O Programa de Inclusão Social ao ensino Superior, que não prevê cotas, mas metas, vem sendo fortemente contestado por ativistas reunidos pela Frente Pró-cotas do Estado de  S. Paulo, que o rejeita em todos os seus termos e defende os dois Projetos de Lei que tramitam na Assembléia Legislativa (o PL 530 e PL 321), de deputados do PT, que propõe a adoção de percentuais de cotas para negros e indígenas.

“Sob qualquer ponto de vista, o projeto é positivo. Essa partidarização tem um dado de racismo. O pai dessa criança não é o partido A, nem B, é o movimento negro brasileiro”, afirmou, numa referência ao fato de partidos de oposição à Alckmin – especialmente o PSOL e o PT – promoverem uma campanha contra o Programa, a quem atribuem “ser racista e discriminatório”.

Defesa da proposta

No debate coordenado pelo reitor José Vicente (foto) e que reuniu professores e estudantes da instituição, o reitor Carlos Vogt, forneceu números, defendeu a proposta e bateu na tecla de que o programa representa um avanço na medida em que prevê para os próximos três anos, a reserva de 50% das vagas (inclusive nos de maior prestígio como Medicina e Engenharia), para estudantes oriundos da escola pública “em cada curso, em cada turno”. “O passo seguinte é ampliar as vagas e as oportunidades para toda a sociedade”, frisou Vogt.

Segundo dados de 2012, a participação de alunos da Escola Públicas nas Universidades paulistas é insuficiente: 28% na USP, 40% na Unesp, 31% na Unicamp e 75% nas Fatecs.

O reitor também concordou ser pequena a oferta de vagas no sistema público de ensino superior – apenas 10% das vagas  (90% são oferecidas por faculdades e universidades particulares).

Vogt terminou sua intervenção antes de se reunir, em privado com o reitor da Palmares, dizendo que o Programa “não pode ser visto nem como caridade, nem como questão de Justiça, apenas”. “Para a Universidade cmprir o seu papel, tem de ter na sua composição a reprodução da diversidade racial e étnica existente na sociedade.
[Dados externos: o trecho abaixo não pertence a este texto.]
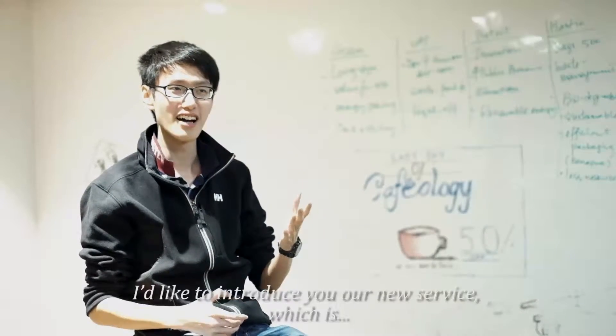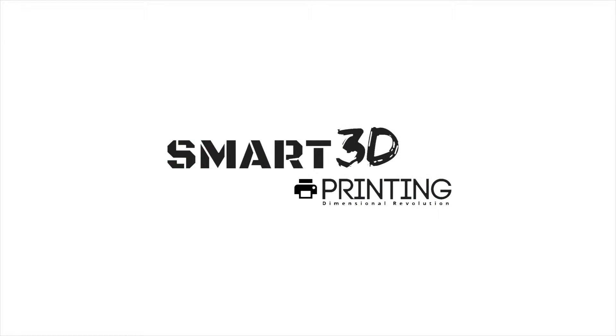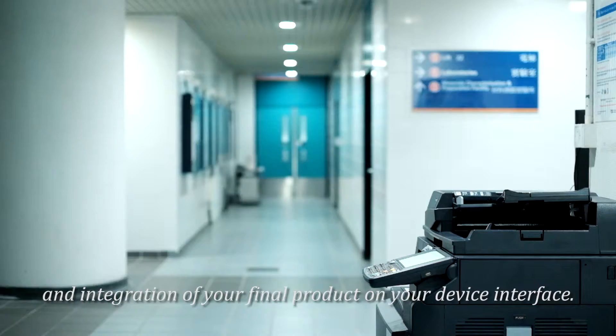Ladies and gentlemen, I would like to introduce you to our new service, which is Smart 3D Printing. Smart 3D Printing enables digitalization of real materials into your mobile devices and integration of your final product on your device interface.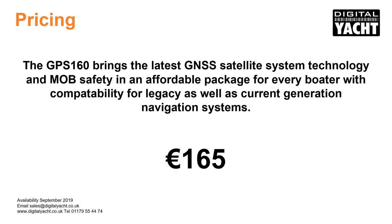Priced at €165, the GPS160 brings the latest GNSS satellite system technology and MOB safety in an affordable package for every boater, with compatibility for legacy as well as current generation navigation systems. Thanks for listening.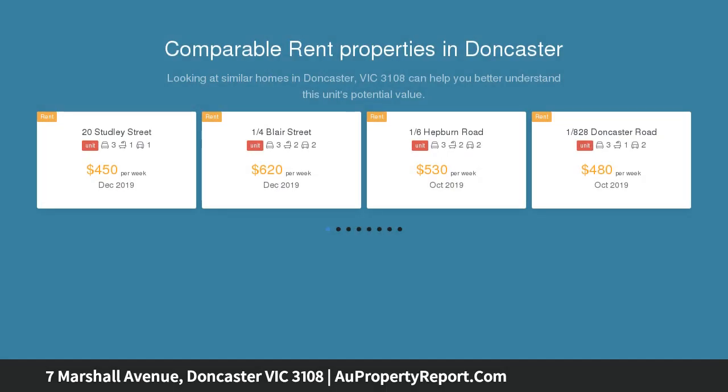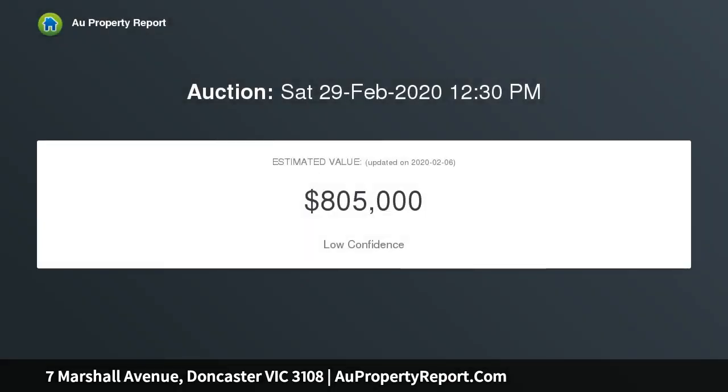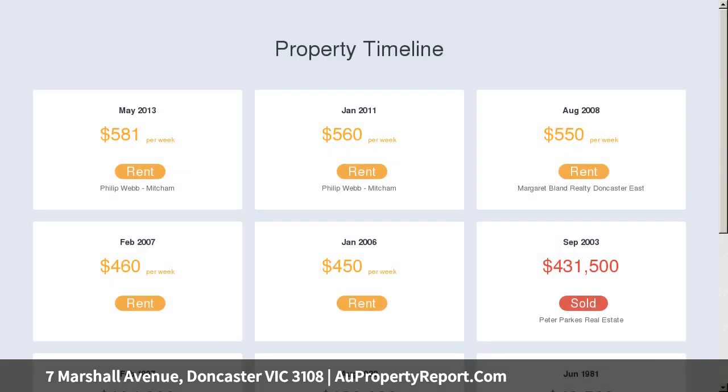This impressive dual storey residence permeates class from start to finish, beginning with abundant gardens. Take the gentle staircase up to a covered front porch, before stepping inside onto exquisite parquetry flooring and an extensive hallway that connects to all parts of a flowing floor plan.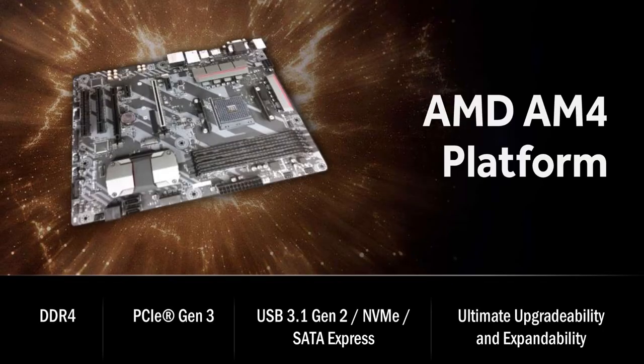Alongside Ryzen, AMD has released the AM4 platform. This comes with DDR4 memory support, PCIe 3rd Gen support, USB 3.1 2nd Gen support, and NVMe storage support.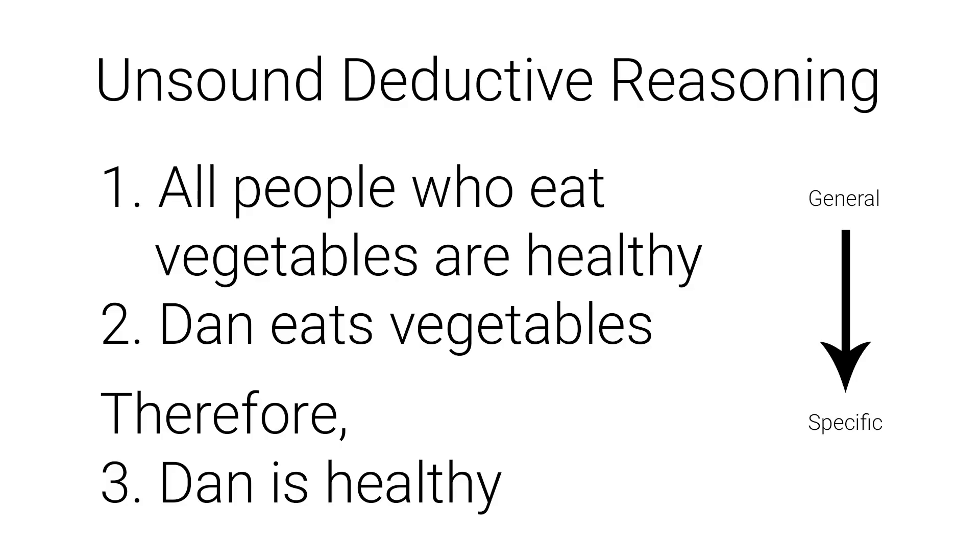If we had false premises, we'd have a valid but unsound argument. For example, if all people who ate vegetables were healthy and Dan eats vegetables, then Dan being healthy would forcibly be true — making it a valid argument. But valid arguments are not enough; we need sound arguments. It is not true that all people who eat vegetables are healthy, so this argument is unsound and can't be used. We have to go back and change the premises to something true before a sound conclusion can be accepted.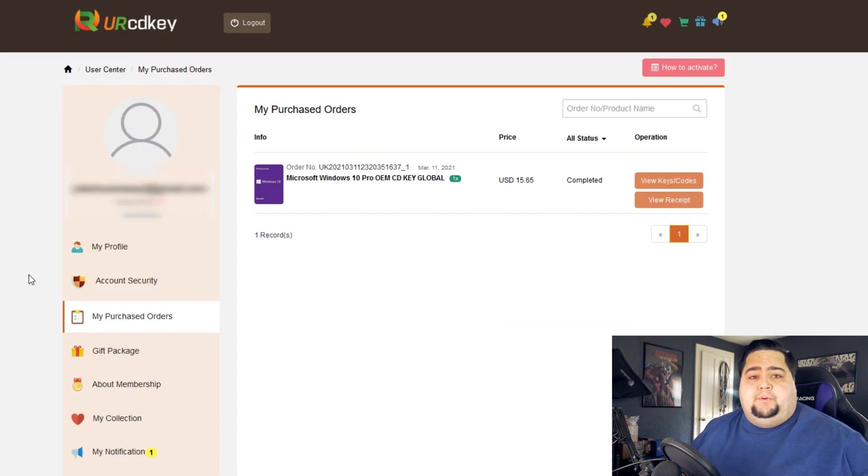Once you've completed putting in your purchase information — credit card, PayPal, or whatever — it will kick you over to your purchase orders page after a few seconds. About another 5 to 10 seconds later, your order will be completed processing and you'll be able to grab your keys from within there. In total, this took maybe about 15 seconds after clicking the buy button, so it was pretty much instant.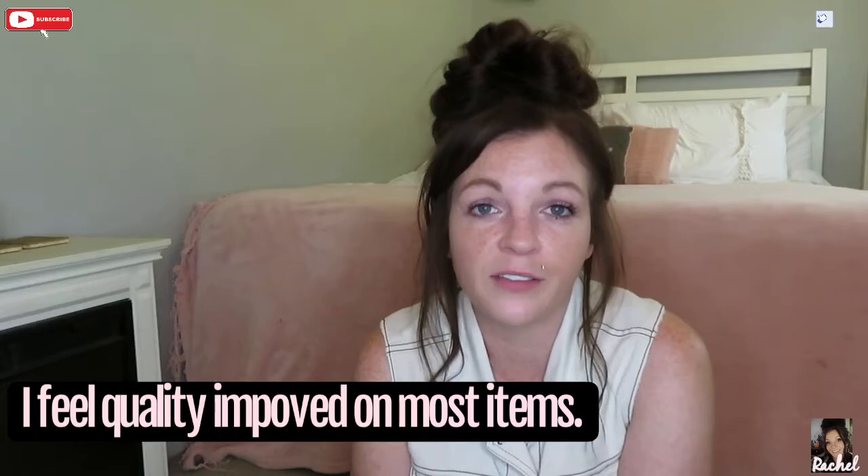Anyway, you guys, that is all for my Shein haul! I hope you guys enjoyed. Let me know if you shop at Shein — some people call it 'Sheen,' it used to be called She Inside, so I'm pretty sure it's called Shein. If you guys have shopped there, let me know your experiences. I think buying cheaper brands is probably not always a good thing, but who can afford the real stuff anyway? Don't forget to like and subscribe and I will catch you guys in my next video — bye guys!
É bom [a inclusão de negros e indígenas] para a sociedade, mas é muito bom para a universidade”.

Universidade

Pouco antes, ao falar pela instituição, Hédio lembrou que o significado da palavra “Universidade, quer dizer universalidade” e se “não tem preto e pobre é parcialidade”. “A universalidade atende a uma demanda de inclusão social. O Brasil vai se dar conta em pouco tempo que nós só somos campeões de futebol, só exportamos futebol porque as seleções de futebol expressam essa diversidade. Daqui a 50 anos alguém dirá que a inclusão de pretos e pobres, melhorou a qualidade das universidades brasileiras. Vão mandar uma carta para o Movimento Negro dizendo: “que bom que você nos fizeram fazer juste ao conceito de Universidade”, finalizou.